Yes, YouTube is a wonderful source of ignorance squelchers isn't it. I am very happy with the remedial work done in respect of my own knowledge gaps via YouTube - and through the good offices of 'the Internet' in general. Some time ago I stumbled across this word, indispensable in the 21st century: 'Obloquy - A false accusation of an offence or a malicious misrepresentation of someone's words or actions'. I am rather surprised I hadn't noticed it being used before, or ever since, in every political journalistic comment, and every television interview, discussion and debate. I have also learnt many startling facts about the insect people of Arcturus Twelve.
As to your question, I have no idea, and no obvious way of getting one I could run with Just Asking. I was responding to your parenthetical statement only.
Hmm...I think I may have always been filling a void, but I do seem to fall completely in love over and over because there's something different and beautiful about every woman and she does fill an emptiness. I do think that once you find someone that you really love and you lose that person it makes it easier to let go of past relationships and even future relationships. That is if you honestly believe that person was perfect, but that's a whole other issue of how we lie to ourselves. I don't really give my heart away anymore. Women just use it for a while and it takes a beating, but it seems like it gets a little smarter each time. Hopefully. LoL.
This post was edited by Benedict Arnold at January 28, 2018 2:54 PM MST
:/ That is a sad take on things. But, you're right on how our memories work. We do tend to forget the bad and remember the good. Can't measure others by ghosts like that though. Perfect doesn't exist.
I know, I feel like I have a bad attitude today. Sometimes I'm scared that my negative thoughts are the most truthful. I guess our individual realities are dependant on how we think. Everything can be good or bad depending on how I choose to see it. I need to master seeing the good in everyone and in everything. Then maybe I'll be happier?
Only positivity from this response onward.... We'll see if it works. Thanks. : )
Nooooooo lol. Yes, it's good to see the good in people and in everything, but you can't live with rose-colored glasses all the time. That's setting yourself up for disappointment. I think you usually do just that- you look for the good and ignore the bad. That's my unsolicited opinion. Sorry.
To be honest, things recently went unexpectedly south with my beau and I. So, as I move through your questions, I'm half torn between crying into my keyboard and strengthening my resolve that the right one is still out there, even if it wasn't him. I'm choosing resolve. lol I'm responding to your comments, but they're all about me convincing myself today. lol
Awww.....I'm sorry to hear that. I didn't realize that you were dealing with that empty feeling too. I think my questions and answers directly reflect my inner turmoil at times. You could just look for the good in them today if there is any. I don't like losing people that are special to me either. I hope you get through this alright and remember you can always talk to me if you need an ear as well.

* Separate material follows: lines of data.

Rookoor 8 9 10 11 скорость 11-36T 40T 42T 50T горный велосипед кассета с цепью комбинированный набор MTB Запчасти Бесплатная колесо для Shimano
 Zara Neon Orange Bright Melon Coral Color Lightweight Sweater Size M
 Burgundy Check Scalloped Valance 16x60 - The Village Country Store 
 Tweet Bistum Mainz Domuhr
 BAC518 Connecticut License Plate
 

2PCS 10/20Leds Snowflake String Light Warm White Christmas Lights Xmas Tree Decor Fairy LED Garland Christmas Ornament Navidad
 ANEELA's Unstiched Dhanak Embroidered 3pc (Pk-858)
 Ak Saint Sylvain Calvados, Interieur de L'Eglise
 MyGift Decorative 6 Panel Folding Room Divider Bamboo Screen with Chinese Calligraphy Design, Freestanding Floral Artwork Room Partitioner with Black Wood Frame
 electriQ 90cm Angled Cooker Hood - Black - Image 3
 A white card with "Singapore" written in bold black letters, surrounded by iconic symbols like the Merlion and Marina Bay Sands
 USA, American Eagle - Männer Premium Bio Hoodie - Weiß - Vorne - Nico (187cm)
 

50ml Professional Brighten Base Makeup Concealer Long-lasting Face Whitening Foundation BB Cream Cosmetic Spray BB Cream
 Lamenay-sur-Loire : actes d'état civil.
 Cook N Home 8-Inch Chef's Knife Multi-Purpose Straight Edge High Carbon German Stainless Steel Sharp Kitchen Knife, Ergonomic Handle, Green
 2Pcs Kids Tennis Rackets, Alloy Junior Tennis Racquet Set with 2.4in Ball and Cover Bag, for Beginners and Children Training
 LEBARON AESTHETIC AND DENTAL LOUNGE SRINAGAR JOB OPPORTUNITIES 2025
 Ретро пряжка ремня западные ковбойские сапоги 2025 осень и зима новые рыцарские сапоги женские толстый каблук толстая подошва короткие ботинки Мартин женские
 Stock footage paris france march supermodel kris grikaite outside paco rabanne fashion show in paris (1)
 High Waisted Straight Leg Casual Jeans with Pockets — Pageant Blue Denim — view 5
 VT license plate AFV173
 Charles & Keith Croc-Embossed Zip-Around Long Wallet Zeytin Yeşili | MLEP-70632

Crying into your keyboard might be an important and valuable thing to do...The stages of grief apply to any loss, not just death---and you are still grieving....
But it's not so much that the "right one" is or isn't out there...Marriage is a relationship that two adults build together and become "one" is so many ways---that's one reason why divorce is so painful... It's not a separation of two people, it more like a ripping apart of that small amount of "oneness" that you were able to achieve....
Finding the "right one" is not like buying your dream car where you order precisely what you want....It's more like going to the grocery store and get what is needed to make a nutritious mean and then working together to cook it---whether it's meatballs and spaghetti or Chateaubriand...
Find someone you like as a start and who believes that marriage requires that you both agree to work out your destiny together. Then you build on that commitment and grow and change with that in mind....
With that goal in mind, even Democrat and a Republican could have a happy marriage.
Well, I realize it's a metaphor, but it implies that another love can never be better than the one you no longer have---and that is simply not a reality...
I occasionally go to you tube for "how-to" videos, but not for advice on life from 25 year olds who haven't lived it yet.